Organisers: Foundations for Ukraine, Philea - Philanthropy Europe Association, Council on Foundations, WINGS
Format: online
Overlapping crises are becoming the operating environment for the next decade. War, climate stress, environmental damage, and economic instability increasingly unfold simultaneously – yet philanthropies’ work is still largely structured to address them one at a time.
As the full-scale invasion of Ukraine enters its fourth year, this gap is becoming impossible to ignore. Urgency continues, but long-term decisions can’t wait. Ukraine brings this reality into sharp focus at the intersection of war and environment: energy systems rebuilt under attack, environmental damage accumulating with global consequences, and resilience shaped under constant pressure. The familiar divide between emergency response and long-term transformation has collapsed.
What can philanthropy learn from operating under these conditions? What patterns are emerging across other war- and climate-affected contexts? And what does this era of simultaneity mean for philanthropic practice in the decade ahead?

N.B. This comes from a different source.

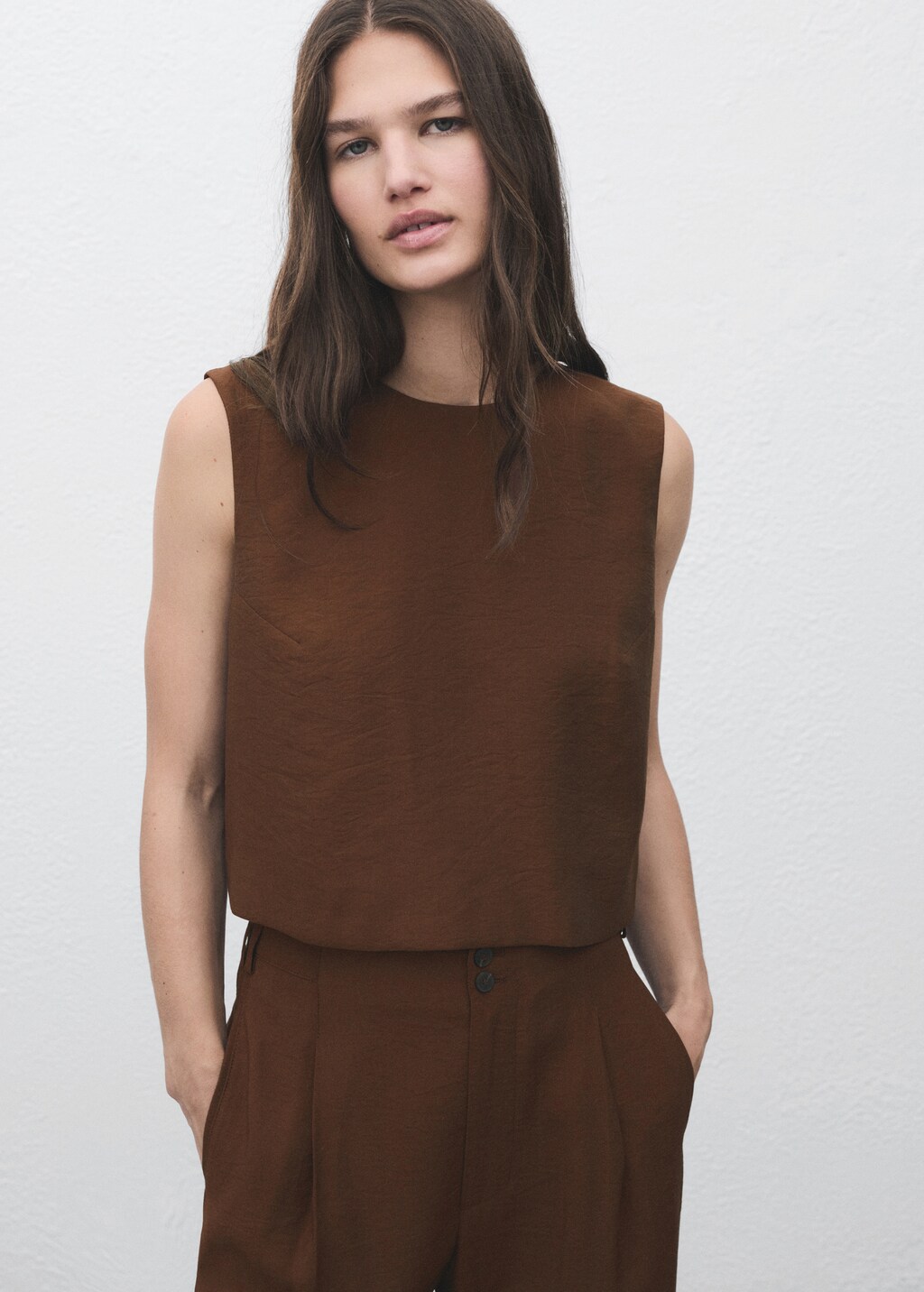 Buttoned crop top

Taking place during Philea’s Year of Climate and Environment, this 90-minute online conversation invites foundations and institutional donors to reflect on Ukraine not only as a country under invasion, but as an early signal of the conditions that might increasingly shape philanthropic work in the next decade.
Speakers:
Catherine Green, Minderoo Foundation
Thomas Homer-Dixon, Cascade Institute
Thammy Evans, CHACR, Oxford University
Anna Ackermann, International Institute for Sustainable Development
Iryna Stavchuk, European Climate Foundation
Moderated by Delphine Moralis, Philea - Philanthropy Europe Association.
Please note: the event is reserved for participants from foundations, institutional donors, philanthropic organisations, and networks.